Barraco improvisado, carne no varal, banheiro no mato: 17 resgatados em situação de escravidão

13 de dezembro de 2019

Em três municípios, fiscais flagraram diversas irregularidades. A chamada “escravidão moderna” se caracteriza por trabalhos forçados, jornadas exaustivas e condições degradantes.

 

 
Fiscais flagraram péssimas condições impostas a trabalhadores contratados para produção de carvão vegetal e outros serviços – FOTOS MPT/MONTAGEM RBA

 

Em operação que envolveu diversos organismos públicos, 17 trabalhadores em situação análoga à escravidão foram resgatados no interior de Mato Grosso do Sul. Segundo o Ministério Público do Trabalho (MPT), essas pessoas, sendo uma delas de origem paraguaia, haviam sido contratadas para a produção de cartão vegetal e para construção de cercas e casas.

A inspeção percorreu, dos dias 2 a 6, fazendas na região sudoeste do estado, em áreas dos municípios de Bela Vista, Caracol e Porto Murtinho. Nesse último local, diz o MPT, em propriedades rurais próximas os trabalhadores estavam alojados em barracos improvisados, feitos com lona e galhos de árvores. A operação também envolveu o Ministério Público Federal (MPF), a Superintendência Regional do Trabalho e a Polícia Militar Ambiental.

“Não havia iluminação e precárias estruturas de madeira montadas no chão de terra serviam como cama. Devido à ausência de banheiro, os trabalhadores tinham que fazer suas necessidades fisiológicas no mato”, relata o MPT. “A água utilizada para consumo, banho e preparo de alimentos era colhida de um córrego adjacente à área onde estavam, por meio de galões de lubrificantes. Armazenada em garrafas PET, apresentava aspecto turvo e barroso. Além disso, pela falta de energia elétrica, as carnes ficavam penduradas em varais para secar, sujeitando-se ao contato com sujeira e contaminantes diversos.”

 

Nem R$ 500 em dois meses

Já em Caracol, um trabalhador contou que estava havia dois meses na fazenda e recebia R$ 18 por forno de carvão – havia 23. Naquele período, não chegou a receber R$ 500 e também não conseguiu voltar a seu município de origem, Bela Vista. A fiscalização apontou descaso com as condições de saúde e segurança.
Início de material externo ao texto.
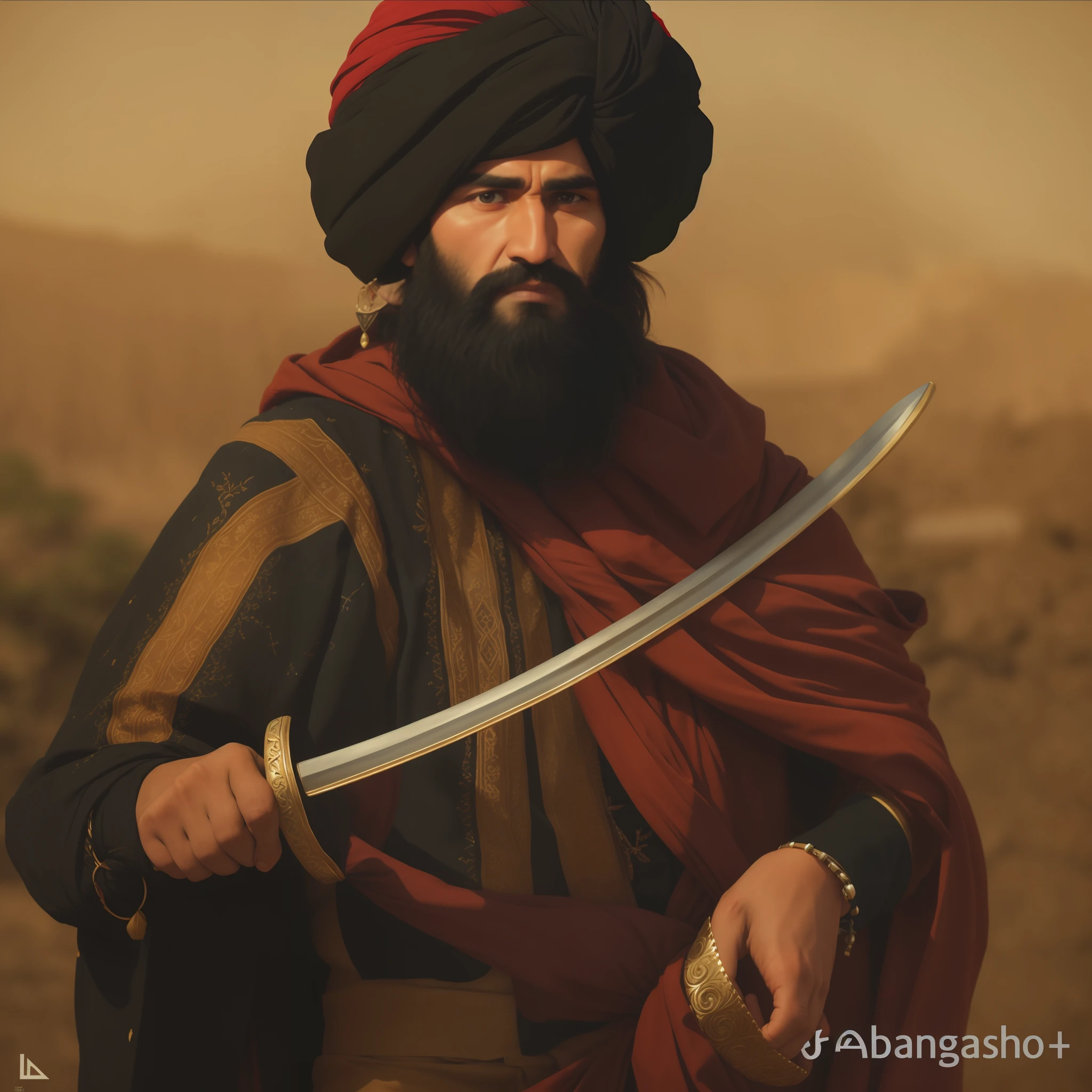 Handsome Pashtun tribal king, wearing black lungee turban,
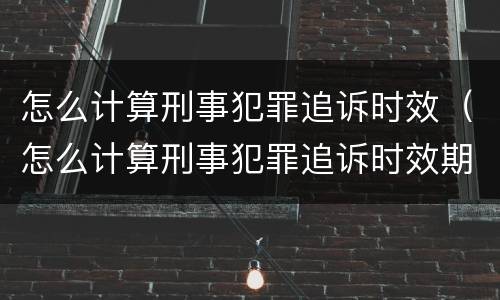 怎么计算刑事犯罪追诉时效（怎么计算刑事犯罪追诉时效期）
Por fim, em Bela Vista, foram constatadas “graves infrações trabalhistas” na produção do carvão vegetal. “Assim como em Caracol, parte dessas irregularidades foi classificada pelo Ministério Público do Trabalho como reincidente, já que, em 2013, o mesmo empregador de ambas as fazendas firmou Termo de Ajustamento de Conduta (TAC) em que se comprometeu a cumprir uma série de regras relativas ao meio ambiente laboral, por ocasião de diligência, que constatou diversas violações de normas trabalhistas em outra carvoaria pertencente a ele”, diz o MPT, que em 2015 ajuizou ação para que o empregador cumprisse o estabelecido no TAC.

O Ministério Público lembra que até o século 19 a figura do trabalhador escravo estava associada a instrumentos como pelourinhos, açoites e grilhões, mas que atualmente os “flagelos físicos” não servem mais como parâmetros para identificar a prática. “Agora o indivíduo tem sua autonomia restringida por circunstâncias de trabalho que, de tão humilhantes, suprimem sua dignidade enquanto pessoa.”

 

Escravidão moderna

No caso de Mato Grosso do Sul, “a escravidão moderna se concentra no meio rural e pode ser reconhecida quando constatada a submissão a trabalhos forçados, a jornadas exaustivas, a condições degradantes de trabalho ou a servidões por dívida”. O MPT acrescenta: “Trata-se de formas de exploração que violentam a própria natureza humana dos trabalhadores, ao subtraírem os mais básicos direitos, como alimentação, higiene e exercício de um trabalho digno”.

De 2003 a 2018, mais de 2.600 pessoas foram resgatadas em condições análogas às de escravo apenas em Mato Grosso do Sul, segundo dados do Observatório da Erradicação do Trabalho Escravo e do Tráfico de Pessoas,  do MPT e da Organização Internacional do Trabalho (OIT) Brasil. Em torno de 60% delas se declararam analfabetas. A maioria é do sexo masculino, com idade que varia entre 18 e 24 anos. Quase 90% das vítimas eram trabalhadores agropecuários.”

O órgão lembra ainda que em 2016 a Corte Interamericana de Direitos Humanos responsabilizou o Estado brasileiro por não prevenir a prática de trabalho escravo moderno e de tráfico de pessoas. A sentença foi relativa a um processo envolvendo a Fazenda Brasil Verde, no sul do Pará. “O Brasil foi o primeiro país condenado pela OEA nessa matéria”, ressalta o Ministério Público.